22年度予算案では、その額は、10兆6千億円。
これで、民主党政権は、「埋蔵金を探し当てた」と言えるのだろうか。
答えは否だ。

「税外収入」には、例えば、日本郵政株式会社からの国庫納付金などがあり、この数年の例でいうと、毎年おおむね4兆円程度が計上されてきている。
もっとも、一部の特別会計の中には、剰余金を貯えているものがあるため、これまでも、このたまり金が、景気対策などの財源として活用されてきた。
その典型的なものが、「財政投融資特別会計」だ。

これは、国が、かつて地方公共団体などに、高い金利で貸し付けた「財政投融資」の償還金が貯まったもので、現在超低金利であるため、多額の剰余金、運用益が発生している。
ただ、この剰余金、全て使い切ってしまうわけにもいかない。
市場金利は当然変動するし、将来の高金利時代に備え、準備金を置いておくことも大切だ。
また、本来このような貯えがあったとしても、国債の償還に充てるのが筋ではある。
それでも、平成20年、21年とも、合理的な範囲内で、準備金を取り崩したり、国債の償還に回すお金を融通することで、「税外収入」を捻出してきた。
「埋蔵金」というと、何か無尽蔵な印象を受けるが、この特別会計について言えば、実状は、まあ「貯金」か「へそくり」ののようなものだ。

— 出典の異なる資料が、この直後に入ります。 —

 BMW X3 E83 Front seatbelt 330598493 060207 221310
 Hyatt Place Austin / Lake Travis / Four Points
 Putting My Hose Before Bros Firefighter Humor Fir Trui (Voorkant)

これらの特別会計剰余金をとり崩すなどして、これまでの政権でも、予算編成時に、税外収入を計上してきた。
その額(補正を含む)が、
平成20年は8兆6千億円
平成21年は12兆3千億円
だったわけだ。

さて、本年の総選挙における民主党のマニフェストは、このような平年度ベースの「税外収入(埋蔵金)」以外に、新たな支出に対応するため、「税金などをため込んだ『埋蔵金』を探し出し」、4.3兆円の税外収入(埋蔵金)を上乗せし、新たな財源とするというものだった。

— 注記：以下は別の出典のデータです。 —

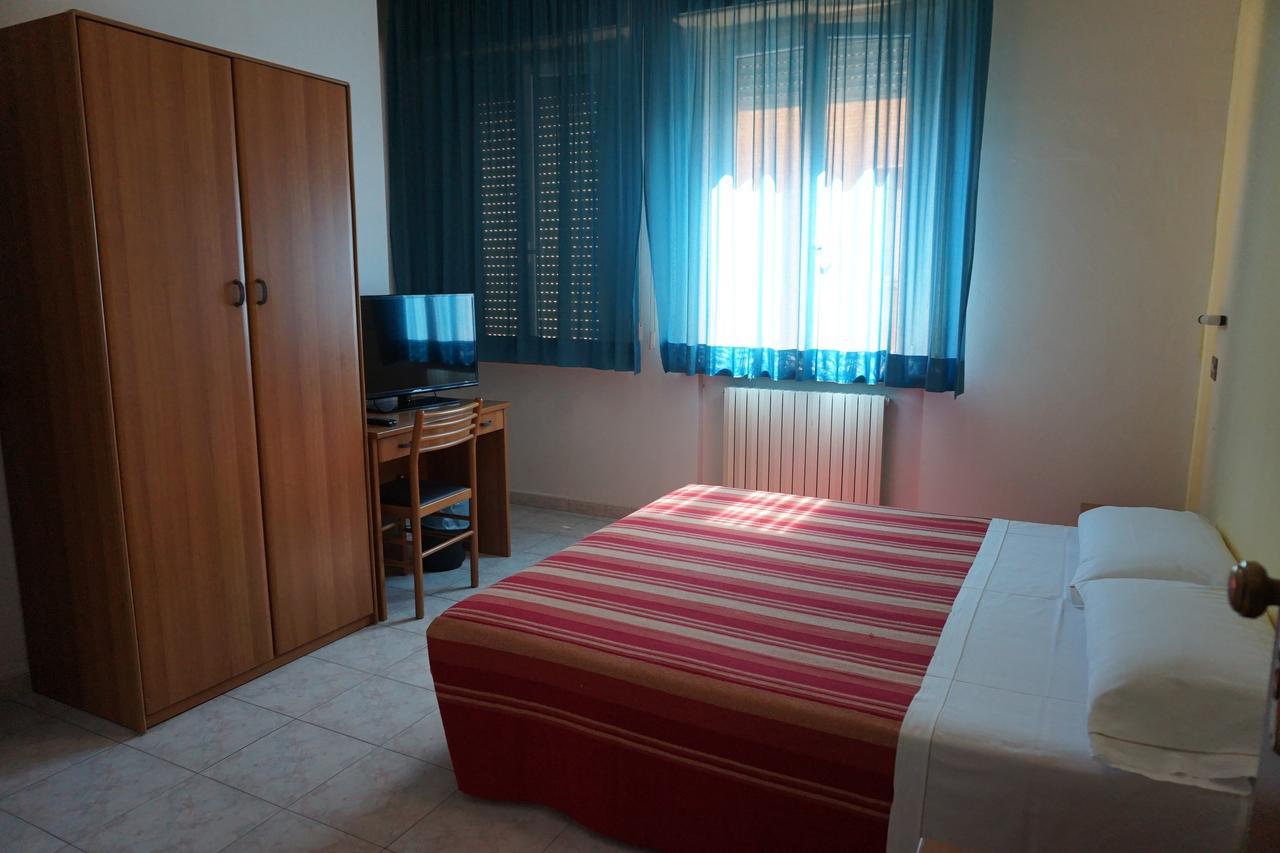 Hotel San Marco Pesaro Luaran gambar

そして、年末、ふたを開けてみれば、税外収入(埋蔵金)は10兆6千億円、総選挙前に、麻生政権(当時)が活用した税外収入(埋蔵金)よりも少ないものだった。

平成22年度が、民主党マニフェスト実行の初年度だといっても、マニフェストには4.3兆円の新たな財源(埋蔵金)を政治主導で捻出すると書いてあるのだから、その半分位の金額でもいいから、新規政策に対応した新たな埋蔵金を探し出して欲しかった。
その意味で印象に残るのが、国民新党の亀井金融相、他の閣僚が黙り込む中孤軍奮闘し、「税外収入(埋蔵金)は、最低でも15兆円が必要。そうしなきゃ主計局長はクビだ。」と盛んに主張されていたことだ。
私なりに15兆円の根拠を推察すると次のようになる。
12.6(前政権時の税外収入)+(4.3(民主党が探し出すとしている新たな埋蔵金)÷2(初年度だから約半分))=14.75(兆円)≒15兆円
これでは、他の民主党閣僚よりも、国民新党の亀井大臣の方が、よほど民主党のマニフェストに忠実ではないか。

いずれにせよ今回の予算案、税外収入(埋蔵金)の積み上げも、政治主導でなく、余りに財務省任せにしてしまった印象だ。

来年のコラムでは、農政、外交、公共事業、事業仕分け、公務員制度改革等々、民主党政権が打ち出した個別の政策について検証するとともに、自民党として、どのような政策・ビジョンの提示が必要か、私なりの考え方を述べていきたい。